* Work to complete *
Directions for the data below: repeat exactly the lines from the one with "Adesivo Porta Cartão" through the one with "vs 1400 intruder", both included, and omit all pictures.

* Data supplied *
BEGIN

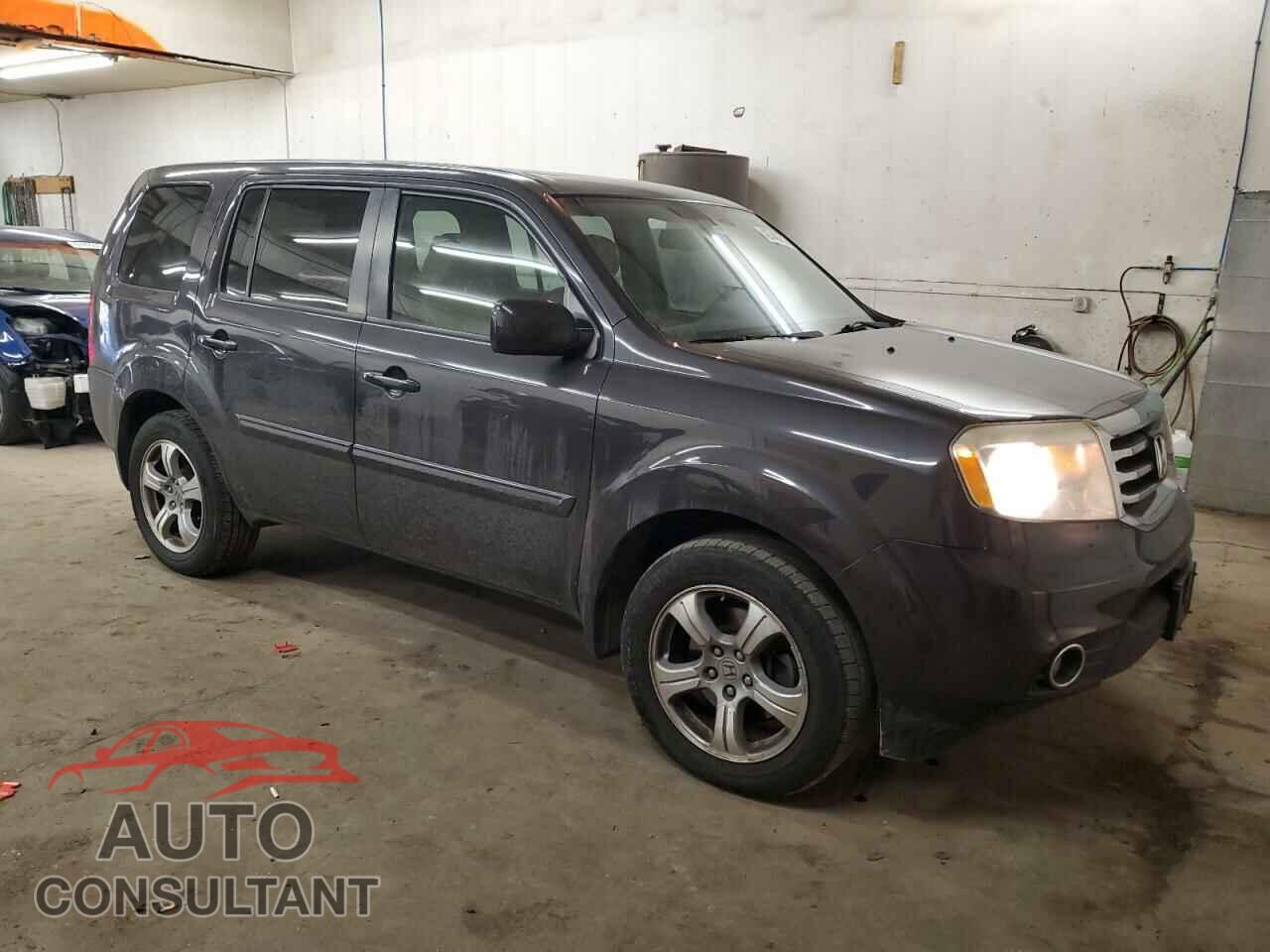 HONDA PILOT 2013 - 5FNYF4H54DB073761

END
BEGIN

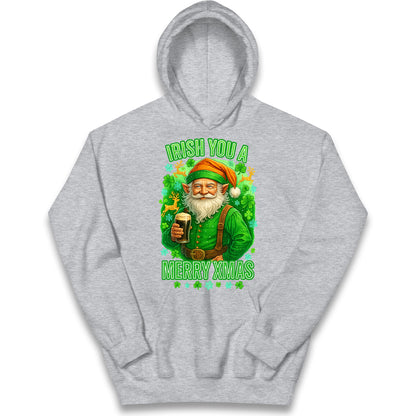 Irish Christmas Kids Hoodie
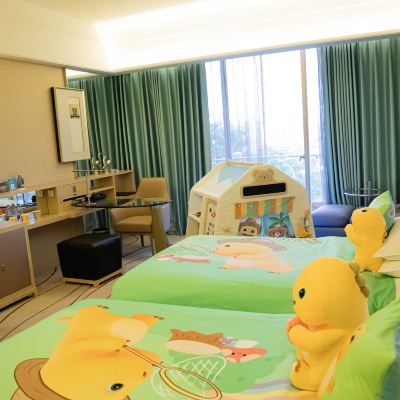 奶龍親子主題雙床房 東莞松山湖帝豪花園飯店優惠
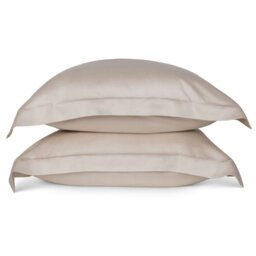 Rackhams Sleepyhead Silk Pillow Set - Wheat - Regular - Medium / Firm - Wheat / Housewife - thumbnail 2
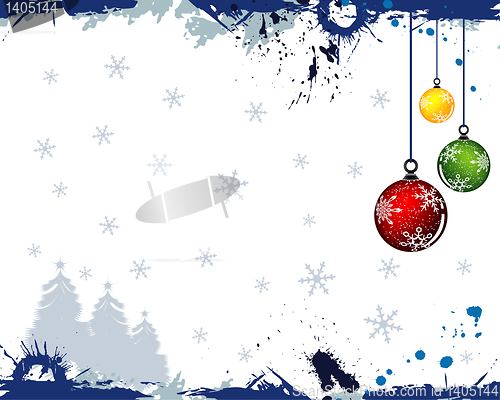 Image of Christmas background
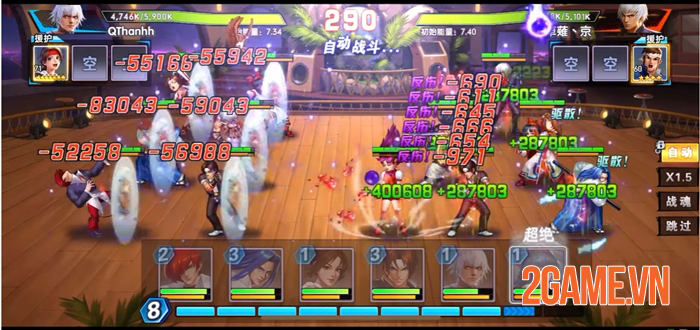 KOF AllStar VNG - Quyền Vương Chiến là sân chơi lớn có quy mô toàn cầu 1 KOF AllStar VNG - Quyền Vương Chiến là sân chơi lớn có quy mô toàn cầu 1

END
BEGIN

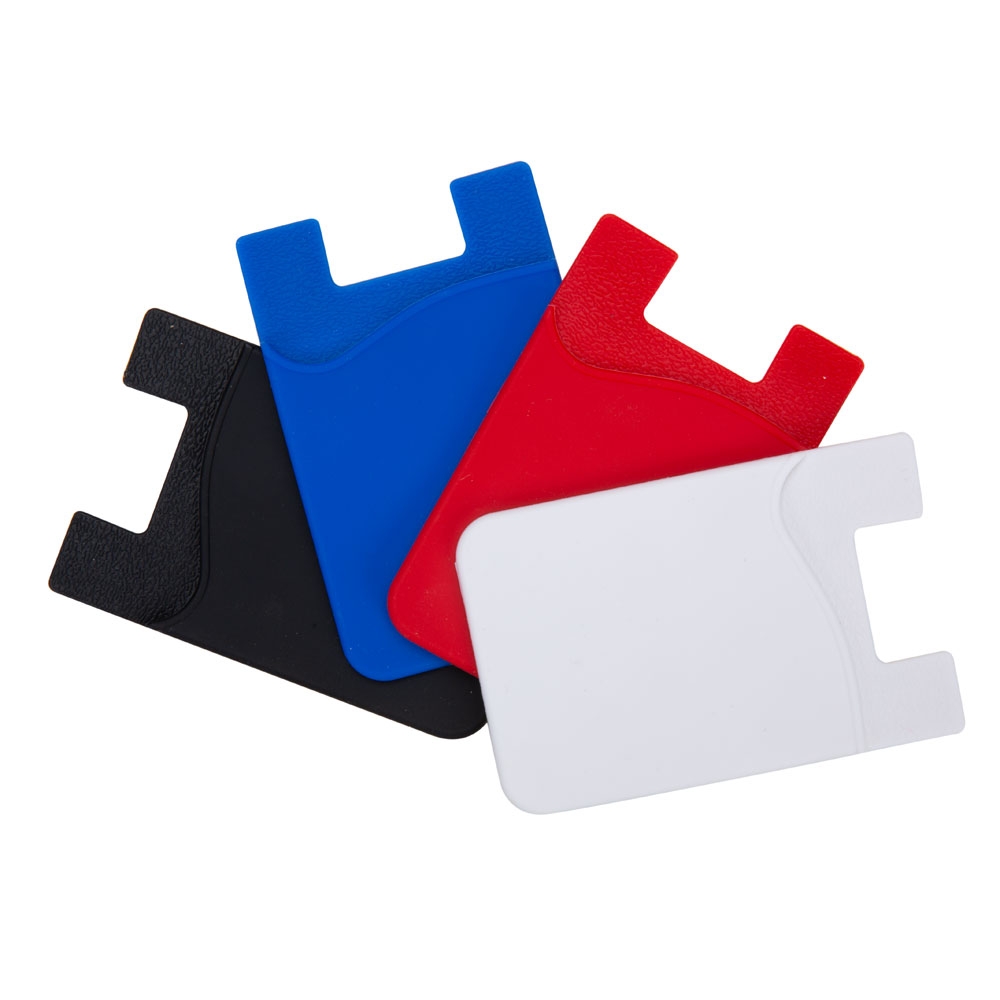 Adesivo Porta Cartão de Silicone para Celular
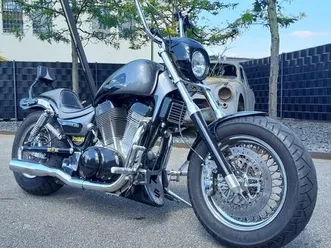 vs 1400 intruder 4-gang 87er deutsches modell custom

END

* Solution to this exercise *
 Adesivo Porta Cartão de Silicone para Celular
 vs 1400 intruder 4-gang 87er deutsches modell custom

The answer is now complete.